I know this is difficult to understand, but you are actually training your dog to be a picky eater. When he doesn't eat it all, you add tasty tidbits, so you have taught him that if he waits, he'll get something extra. Or if he doesn't eat his food at all, you will change it. I agree with Maggie that the feeding instructions on the dog food packages are on the high side. So, I don't worry about that. If my dog consistently leaves food in his dish, I lower the amount. For the free feeding, I also agree with Maggie. And my other dogs after my dobe were on scheduled meal times. I suggest just put the food down, pick it up after 20 minutes and don't worry if it is all eaten or not. Do not add anything extra after you have put the food down. Since your dog doesn't seem to be hungry in the morning, I suggest you skip that meal - feed him at noon and in the evening. If you have difficulty with that because dogs can really play the meal game, then I suggest you consider free feeding. Like you said, you will just put the daily amount in his bowl and that is it. My dobe was an adult and she had been on free feeding. She was used to that and didn't do well, she had digestive issues when I tried to change to scheduled mealtimes, so I kept her on the free feeding. She did maintain a healthy weight and did do well on it.


----------



## Sunflowers (Feb 17, 2012)

I don't mind adding tasty tidbits. 
Just today I topped Hans's food with nori, and he loved it. 
I think variety=nutrition. A little topper won't hurt, in my opinion. I would hate to have to eat the same ol' dry nuggets every day of my life, and I think dogs feel the same, but that's just me.


----------



## roxmysox999 (Mar 30, 2013)

Sunflowers said:


> I don't mind adding tasty tidbits.
> Just today I topped Hans's food with nori, and he loved it.
> I think variety=nutrition. A little topper won't hurt, in my opinion. I would hate to have to eat the same ol' dry nuggets every day of my life, and I think dogs feel the same, but that's just me.
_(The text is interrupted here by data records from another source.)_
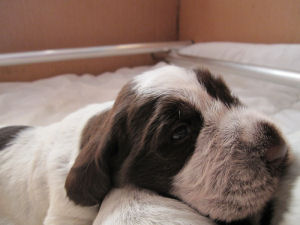 Puppy (Week 2)
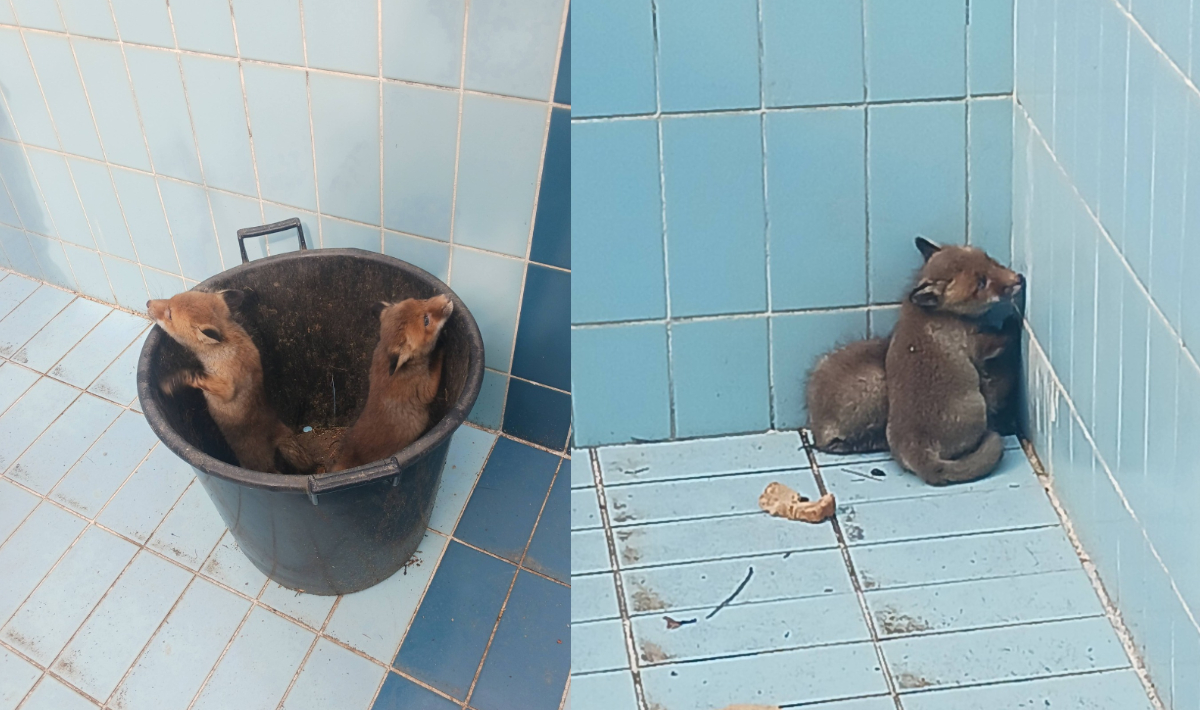 Θεσσαλονίκη: Αλεπουδάκια έπεσαν σε άδεια πισίνα – Επιχείρηση απεγκλωβισμού από πυροσβέστες (φωτο,βίντεο)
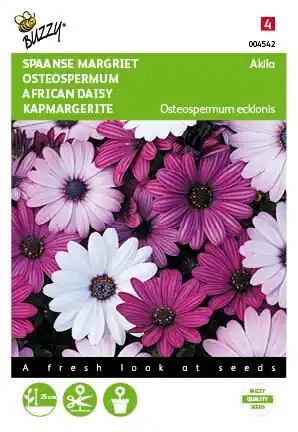 Buzzy® zaden - Osteospermum, Spaanse Margriet Akila mix - Meest verkocht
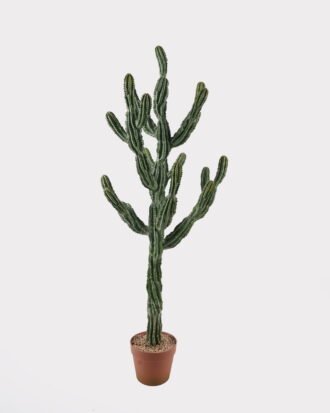 Artificial succulent 47*44*127cm  Cactus in PP pot GS-51424020 2025Jan YeahFlower is one of Chinese leading OEM manufacturers and exporters , supplying the silk flowers, wholesale artificial trees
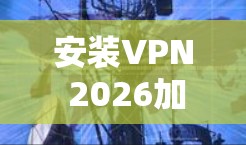 安装VPN 2026加速软件的步骤如下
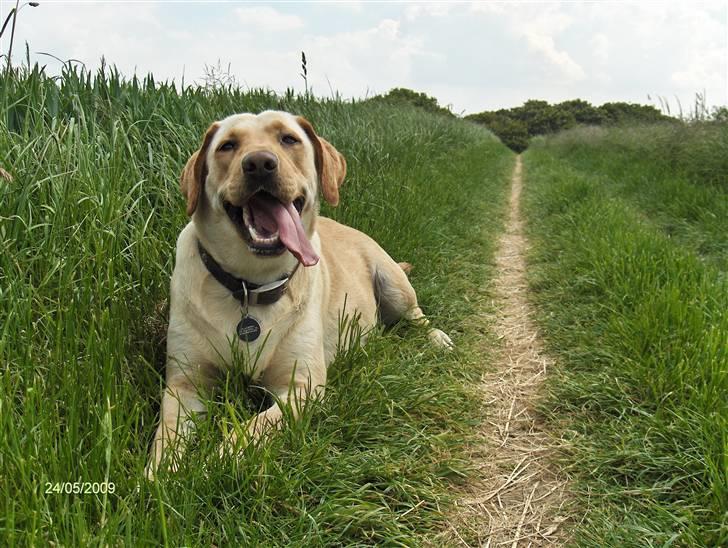 Labrador retriever Clara billede 20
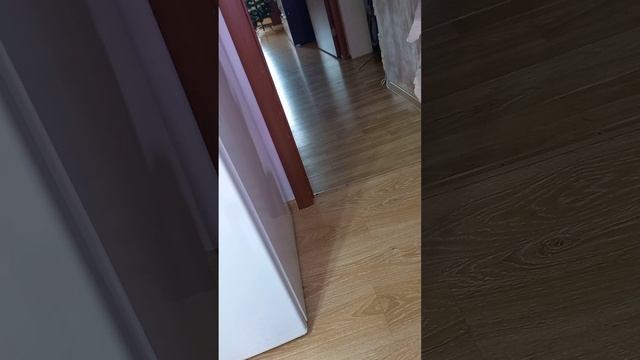 Кот🙂🙂🙂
I have been topping his food with his steak or chicken treats. Or I've also used teaspoon of peanut butter. So far he's he ate all his meals right away. I'm thinking about continuing to top his food as I agree with your point.

Does anyone have an negative advice or caution about topping a dogs food with something yummy?


----------



## skier16 (Feb 21, 2013)

if you always top his food with goodies of course he is not going to want to eat his food plain and will likely leave it until you put something more on it. Mary Beth is right your CREATING a picky eater. its fine to give your dog some nice toppings but if you do it every time he will never eat it plain.


----------



## roxmysox999 (Mar 30, 2013)

So I have been topping his food for the last few days. Sadly, yesterday morning I topped his food and he only ate half of it. I took it away after 20 minutes. I decided not to top his food anymore. Dinner he ate maybe 1/4 of a cup and today he only ate 1/4 of a cup. I took the food away after 20 minutes. I'm worried as he is not eating even close to enough food. Should I keep holding out? Btw I have stopped treating during walks, etc so he doesn't hold out for the treats.


----------



## Mary Beth (Apr 17, 2010)

Yes - he is not very hungry and also he is testing you to see if you will give in and try to tempt him to eat with some goodies. The way I see it, is sure it's fine to put something extra but what creates a picky eater is when the dog doesn't eat and the human adds something to this food - the dog thinks, "great, I'll hold out and get something better" - then when the human adds the extra, the dogs thinks "well, I think I want something different" and it becomes a good game for the dog to play. The dog then learns to hold out longer and longer to get something better. The human worries the dog will starve or become too thin, so tempts the dog with extras or changes food. The dog then learns that the longer he holds out, the better the meal.


----------



## roxmysox999 (Mar 30, 2013)

Mary Beth said:


> Yes - he is not very hungry and also he is testing you to see if you will give in and try to tempt him to eat with some goodies. The way I see it, is sure it's fine to put something extra but what creates a picky eater is when the dog doesn't eat and the human adds something to this food - the dog thinks, "great, I'll hold out and get something better" - then when the human adds the extra, the dogs thinks "well, I think I want something different" and it becomes a good game for the dog to play. The dog then learns to hold out longer and longer to get something better. The human worries the dog will starve or become too thin, so tempts the dog with extras or changes food. The dog then learns that the longer he holds out, the better the meal.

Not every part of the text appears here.